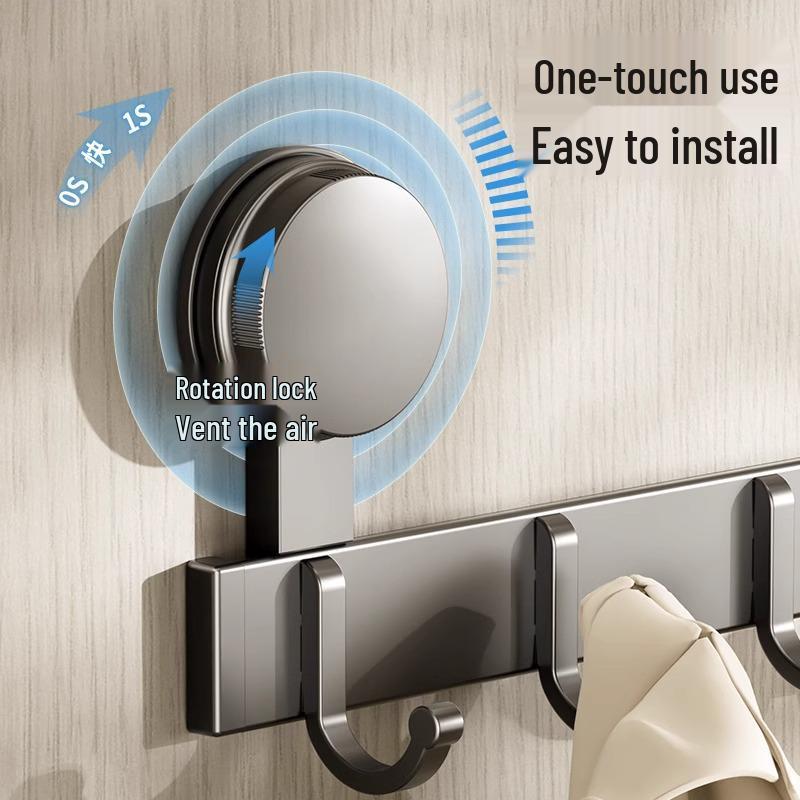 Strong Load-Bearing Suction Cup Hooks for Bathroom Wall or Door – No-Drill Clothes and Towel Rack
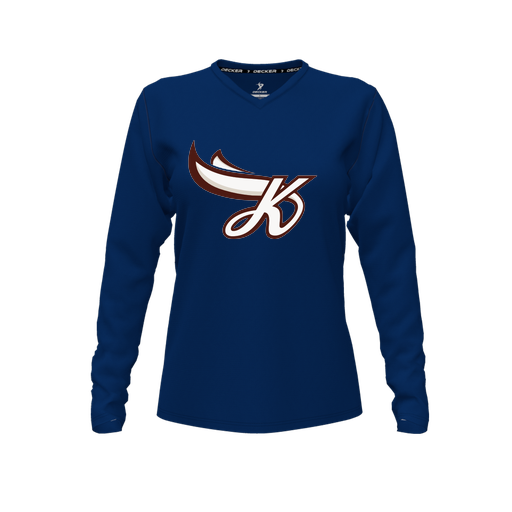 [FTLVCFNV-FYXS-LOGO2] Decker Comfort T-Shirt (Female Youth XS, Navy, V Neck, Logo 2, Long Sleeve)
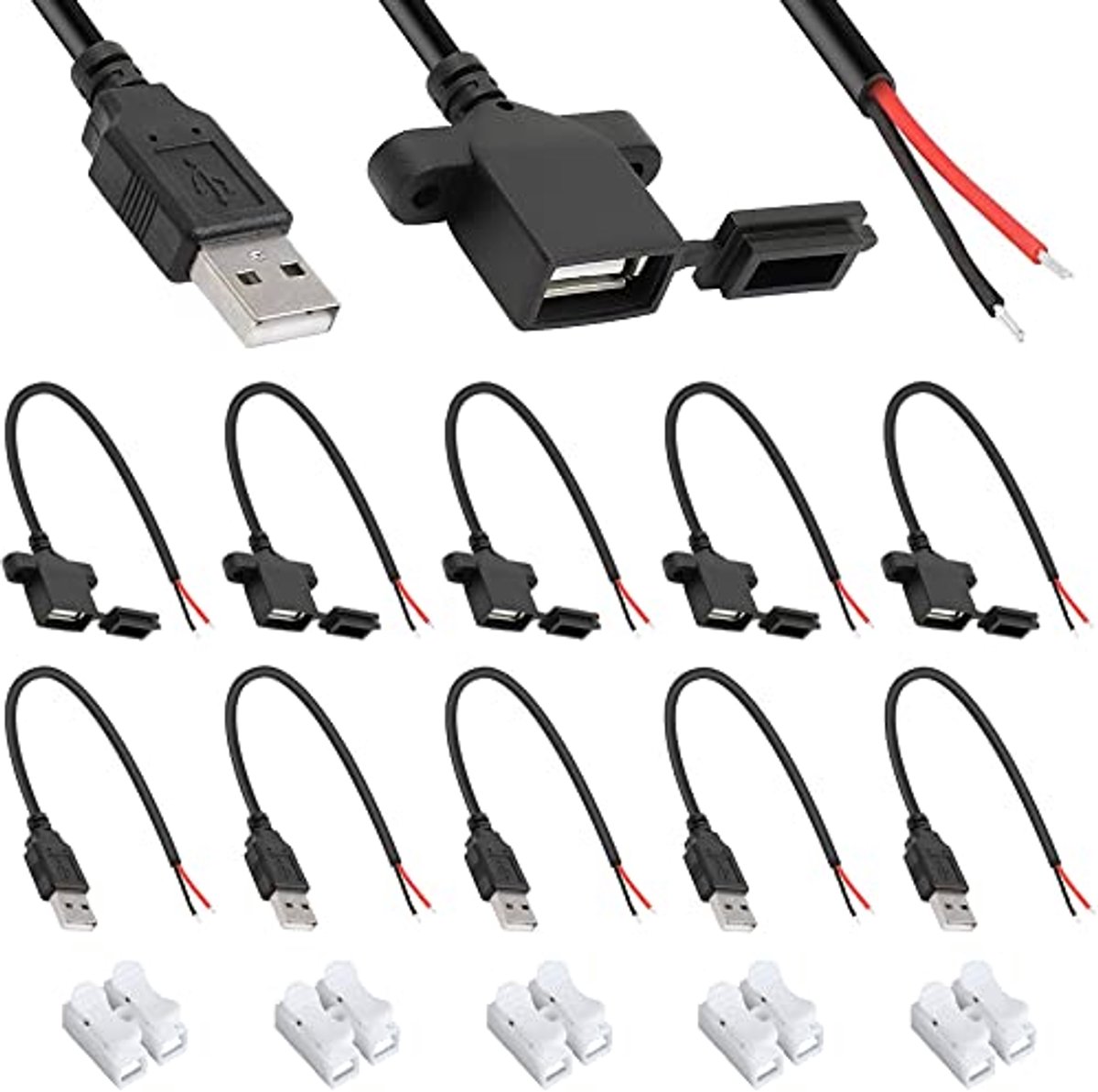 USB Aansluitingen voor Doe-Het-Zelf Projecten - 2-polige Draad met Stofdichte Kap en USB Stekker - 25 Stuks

#### What is expected:
Exactly as they stand, write the lines from the one holding "[FTLVCFNV-FYXS-LOGO2] Decker Comfort" to the end of the material, both ends included. Do not copy the pictures.

#### Task solution:
 [FTLVCFNV-FYXS-LOGO2] Decker Comfort T-Shirt (Female Youth XS, Navy, V Neck, Logo 2, Long Sleeve)
 USB Aansluitingen voor Doe-Het-Zelf Projecten - 2-polige Draad met Stofdichte Kap en USB Stekker - 25 Stuks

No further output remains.